What to do >> Using the data below, output a verbatim copy of the lines between the one holding "I Cannot Communicate Very Well" and the one holding "engelse honden engelse honden", inclusive, without any pictures.

Dataset entries >>
-=-=-
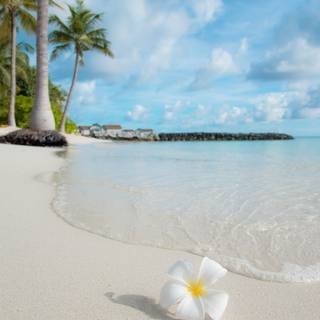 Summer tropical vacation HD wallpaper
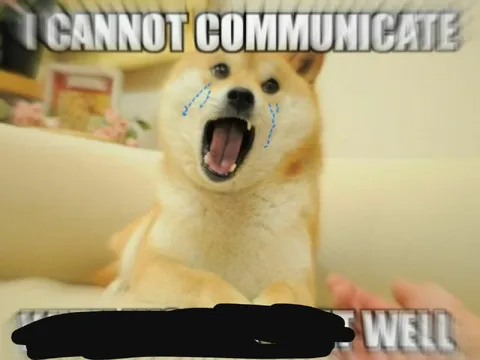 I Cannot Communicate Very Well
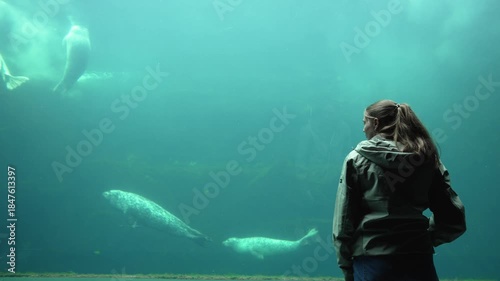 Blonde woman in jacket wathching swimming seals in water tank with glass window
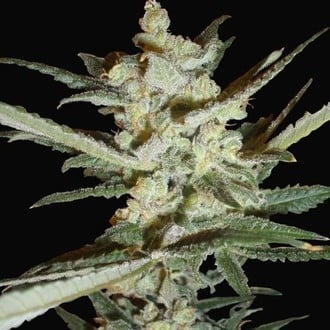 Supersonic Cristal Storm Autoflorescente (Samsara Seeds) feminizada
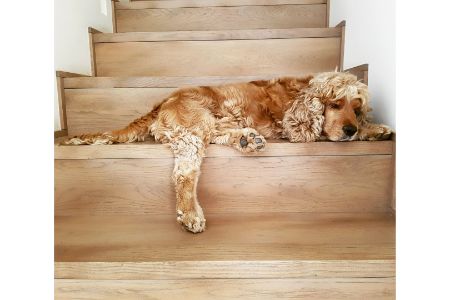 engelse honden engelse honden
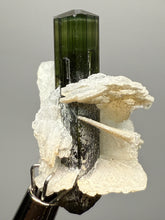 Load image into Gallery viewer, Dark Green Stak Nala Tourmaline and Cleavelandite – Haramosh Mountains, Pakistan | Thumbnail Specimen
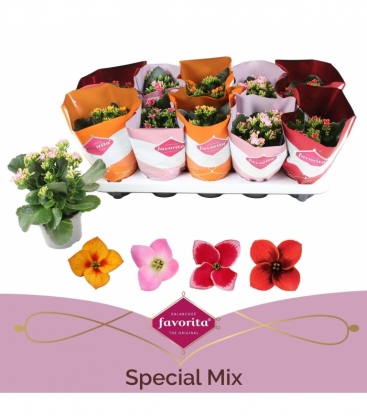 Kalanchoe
-=-=-
Answer section >>
 I Cannot Communicate Very Well
 Blonde woman in jacket wathching swimming seals in water tank with glass window
 Supersonic Cristal Storm Autoflorescente (Samsara Seeds) feminizada
 engelse honden engelse honden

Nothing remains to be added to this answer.